The keyword-counting program begins with the definition of keytab
.
The main routine reads the input by repeatedly calling a function getword
that fetches the input one word at a time. Each word is looked up in
keytab
with a version of the binary search function that we wrote in
Chapter 3. (Of course the list of keywords has to be given in increasing
order for this to work.)
#include <stdio.h>
#define MAXWORD 20
#define LETTER 'a'
main() /* count C keywords */
{
int n, t;
char word[MAXWORD];
while ((t = getword (word, MAXWORD)) != EOF)
if (t == LETTER)
if ((n = binary(word, keytab, NKEYS)) >= 0)
keytab[n].keycount++;
for (n = 0; n < NKEYS; n++)
if (keytab[n].keycount > 0)
printf("%4d %s\n",keytab[n].keycount, keytab[n].keyword);
}
binary(word, tab, n) /* find word in tab[0]...tab[n-1] */
char *word;
struct key tab[];
int n;
{
int low, high, mid, cond;
low = 0;
high = n - 1;
while (low <= high) {
mid = (low+high) / 2;
if ((cond = strcmp(word, tab[mid].keyword)) < 0)
high = mid - 1;
else if (cond > 0)
low = mid + 1;
else
return (mid);
}
return(-1);
}
We will show the function getword
in a moment; for now it suffices to say
that it returns LETTER
each time it finds a word, and copies the word into
its first argument.
The quantity NKEYS
is the number of keywords in keytab
. Although
we could count this by hand, it's a lot easier and safer to do it by machine,
especially if the list is subject to change. One possibility would be to terminate
the list of initializers with a null pointer, then loop along keytab
until the end is found.
But this is more than is needed, since the size of the array is completely determined at compile time. The number of entries is just
size of keytab / size of struct key
C provides a compile-time unary operator called sizeof
which can be used
to compute the size of any object. The expression
sizeof(object)
yields an integer equal to the size of the specified object. (The size is given
in unspecified units called "bytes," which are the same size as a char
.)
The object can be an actual variable or array or structure, or the name of a
basic type like int
or double
, or the name of a derived type like a
structure. In our case, the number of keywords is the array size divided by the
size of one array element. This computation is used in a #define
statement
to set the value of NKEYS
:
#define NKEYS (sizeof(keytab) / sizeof(struct key))

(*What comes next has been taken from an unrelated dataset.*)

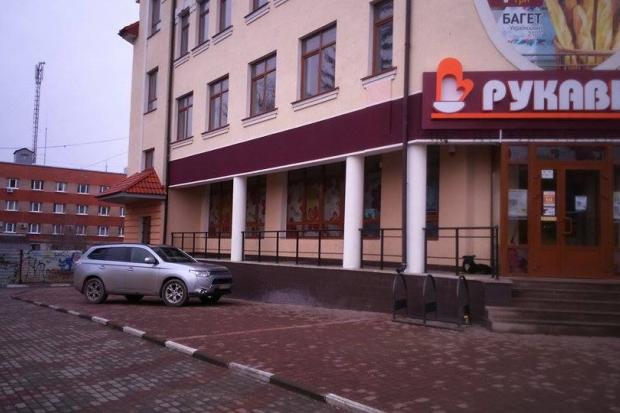 Для паркування водій вподобав зручне місце біля "Рукавички" | Фото: "Вікна"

Now for the function getword
. We have actually written a more general getword
than is necessary for this program, but it is not really much
more complicated. getword
returns the next "word" from the input,
where a word is either a string of letters and digits beginning with a letter,
or a single character. The type of the object is returned as a function value;
it is LETTER
if the token is a word, EOF
for end of file, or the character
itself if it is non-alphabetic.
#define LETTER 'a'
#define DIGIT '0'
getword(w, lim) /* get next word from input */
char *w;
int lim;
{
int c, t;
if (type(c = *w++ = getch()) != LETTER) {
*w = '\0';
return(c);
}
while (--lim > 0) {
t = type(c = *w++ = getch());
if (t != LETTER && t != DIGIT) {
ungetch(c);
break;
}
*(w-1) = '\0';
return (LETTER);
}
}
getword
uses the routines getch
and ungetch
which we wrote in
Chapter 4: when the collection of an alphabetic token stops, getword
has
gone one character too far. The call to ungetch
pushes that character back
on the input for the next call.
getword
calls type
to determine the type of each individual character
of input. Here is a version for the ASCII alphabet only.
#define LETTER 'a'
#define DIGIT '0'
type(c) /* return type of ASCII character */
int c;
{
if (c >= 'a' && c <= 'z' || c >= 'A' && c <= 'Z')
return (LETTER);
else if (c >= '0' && c <= '9')
return (DIGIT);
else
return(c);
}
The symbolic constants LETTER
and DIGIT
can have any values that do
not conflict with non-alphanumeric characters and EOF
; the obvious choices
are
#define LETTER 'a'
#define DIGIT '0'
getword
can be faster if calls to the function type are replaced by
references to an appropriate array type []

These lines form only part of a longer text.